--- Data to use ---

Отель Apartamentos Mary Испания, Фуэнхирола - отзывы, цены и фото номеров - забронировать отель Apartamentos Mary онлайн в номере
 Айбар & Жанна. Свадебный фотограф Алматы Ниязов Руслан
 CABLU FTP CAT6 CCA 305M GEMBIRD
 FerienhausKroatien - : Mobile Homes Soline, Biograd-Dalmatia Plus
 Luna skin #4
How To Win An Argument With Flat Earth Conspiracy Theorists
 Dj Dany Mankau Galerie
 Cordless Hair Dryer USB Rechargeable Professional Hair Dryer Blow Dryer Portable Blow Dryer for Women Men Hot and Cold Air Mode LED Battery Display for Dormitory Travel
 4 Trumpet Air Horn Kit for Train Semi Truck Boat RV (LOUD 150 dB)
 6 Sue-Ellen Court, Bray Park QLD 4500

---

• _Instructions for the task_:
Start at the line containing "FerienhausKroatien - : Mobile" and return each line up to and including the last line of the material.

• _Task answer_:
 FerienhausKroatien - : Mobile Homes Soline, Biograd-Dalmatia Plus
 Luna skin #4
How To Win An Argument With Flat Earth Conspiracy Theorists
 Dj Dany Mankau Galerie
 Cordless Hair Dryer USB Rechargeable Professional Hair Dryer Blow Dryer Portable Blow Dryer for Women Men Hot and Cold Air Mode LED Battery Display for Dormitory Travel
 4 Trumpet Air Horn Kit for Train Semi Truck Boat RV (LOUD 150 dB)
 6 Sue-Ellen Court, Bray Park QLD 4500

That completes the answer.